Errors in timeouts #664

olexandr-konovalov · 2016-03-09T10:04:54Z

We have recently merged #342 and it seems that the stability of timeouts code suffered from this. I am creating a new issue to avoid this being overlooked and setting 4.8.3 milestone - at least to revert #342 in the stable-4.8 branch.
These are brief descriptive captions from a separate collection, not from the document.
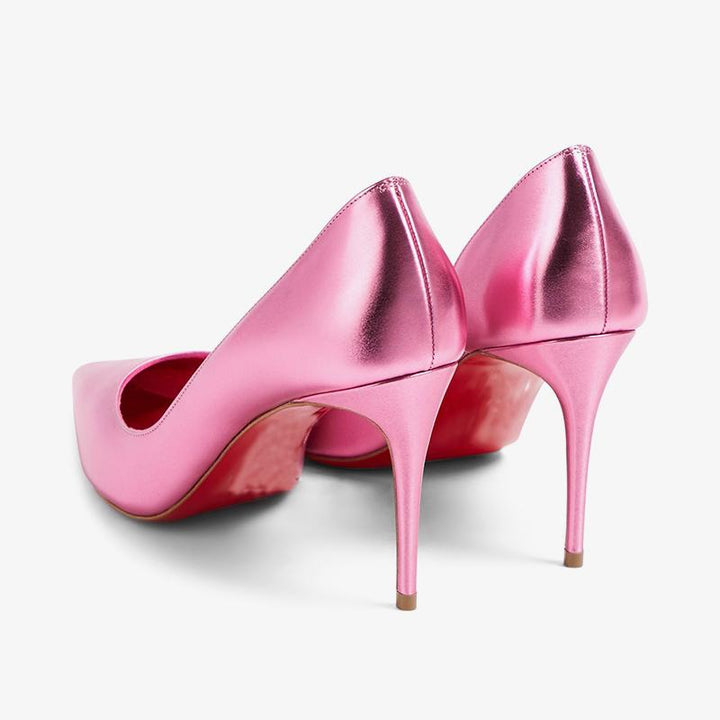 Glam Pink Pointed-Toe Calf Leather Pump - ARNO CONTI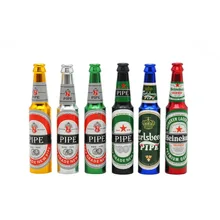 

Portable Beer Bottle Type Tobacco Pipe Beer Small Aluminum Novelty Smoking Pipe Mini Metal Pipe Reggae Metal Pipe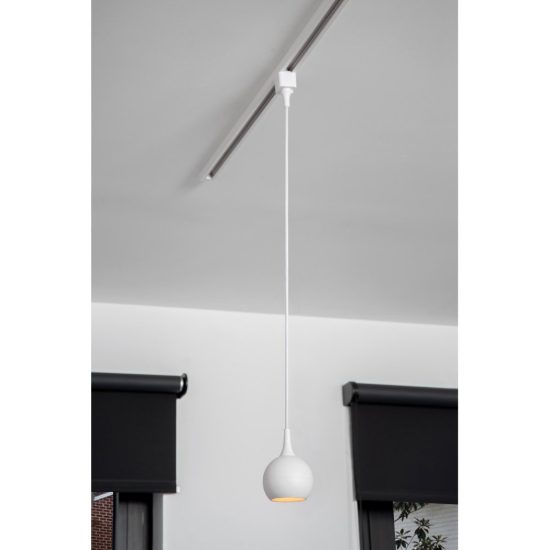 Lampada a sospensione per binario monofase sferica gu10 bianco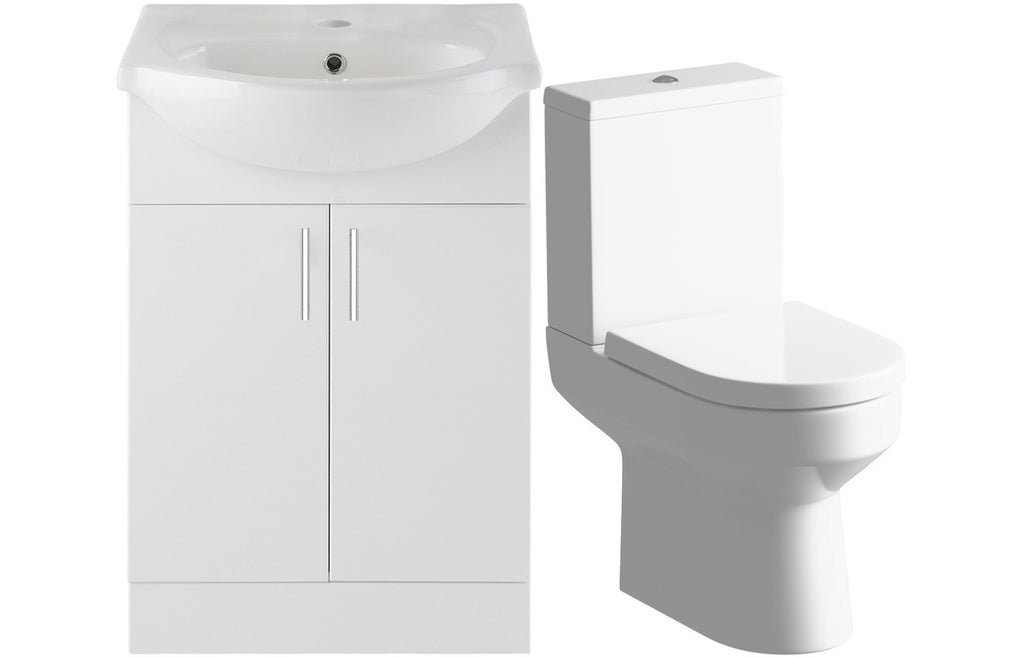 Vista Vanity Unit & Toilet Pack 650mm White Gloss-Toilets-DIFTP2562-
Here I am collecting reports on observed problems:

master branch, 32-bit build on Ubuntu 14.04:

########> Diff in /home/hudson/hudson/workspace/GAP-dev-compilers/GAPCOPTS/32b\ 
uild/GAPREADLINE/noreadline/label/clang33/GAP-git-snapshot/tst/testinstall/tim\
eout.tst:25
# Input is:
CallWithTimeout(100000, spin2,2000,50000);
# Expected output:
[ true, [ false ] ]
# But found:
Error, Could not set interval timer
########

2. Hanging builds, for example:
* Cygwin64 on Windows 
* 64-bit build with gcc 4.8.4 on Ubuntu 14.04

The text was updated successfully, but these errors were encountered:

hulpke · 2016-03-09T17:23:32Z

This same issue seems to cause the build of #667 to fail. Is there any reason to make the timeout test a part of the standard install tests?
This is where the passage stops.